Governments are turning up the heat, but not where the rulebook says they should.
Canada revoked 47 crypto business licenses in a recent AML push. On *Bitcoin And*, the host argued this is less about crime-fighting and more about state surveillance of digital commerce. The contrast is stark: while traditional finance launders an estimated 2-5% of global GDP, Chainalysis data shows less than 1% of crypto transactions are illicit.
The disconnect between guidance and enforcement is crystallizing in US courtrooms. Lauren Rodriguez described on *What Bitcoin Did* how prosecutors charged her husband, a non-custodial wallet developer, after FinCEN had explicitly stated his service was not a regulated money transmitter. The case signals that building privacy tools, even compliant ones, can lead to a pre-dawn raid.

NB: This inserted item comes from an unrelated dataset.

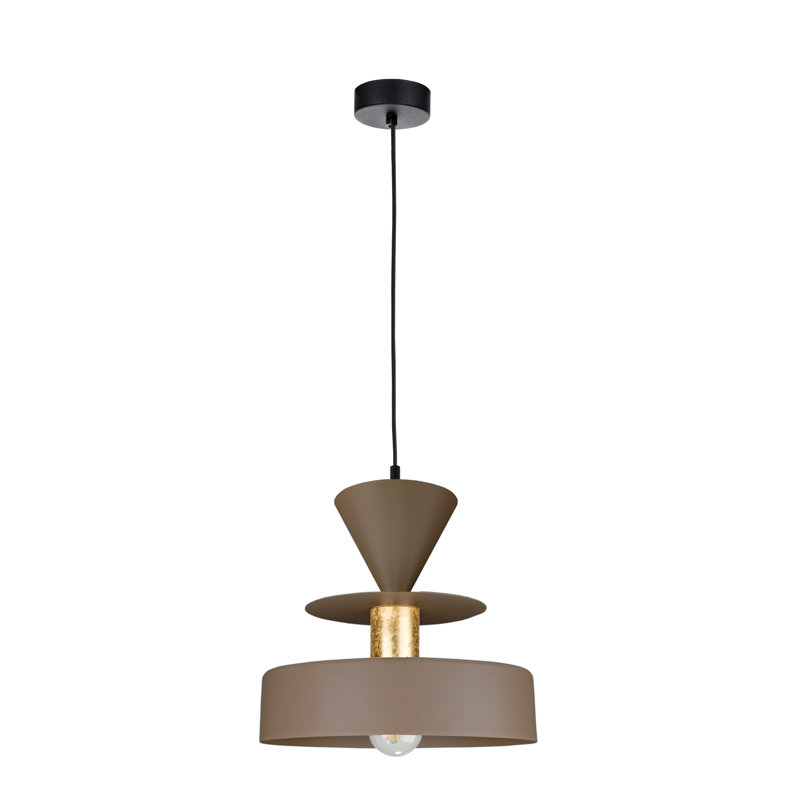 1 - Light Pendant, Matte Black/Gold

The political winds, however, are shifting. According to Zach Shapiro on *Citadel Dispatch*, the incoming Trump administration plans a rapid, cabinet-level replacement of anti-Bitcoin officials with pro-Bitcoin personnel. The executive assault led by Gary Gensler and the IRS is about to end.
But the fight is far from over. Shapiro notes the battlefield is moving to Congress, where Bitcoin now competes with other crypto priorities like stablecoin legislation. More critically, the judiciary remains a long-term battleground. Lifetime-appointed judges will decide the fate of peer-to-peer rights, insulated from political cycles.
Behind the scenes, a misalignment threatens Bitcoin's progress. On TFTC, David Zell explained how the crypto lobby, led by firms like Coinbase, successfully reshuffled Senator Lummis's legislative priorities. Market structure for token trading now takes precedence over tax reforms that would treat Bitcoin as money.
The regulatory war has two fronts: one public and political, the other quiet and procedural. The first is changing. The second is just beginning.
Lauren Rodriguez, What Bitcoin Did:
- These are the prosecutors who brought charges asked FinCEN if Samurai Wallet is a money service business.
- And they had said emphatically, no, they're not because they don't take custody.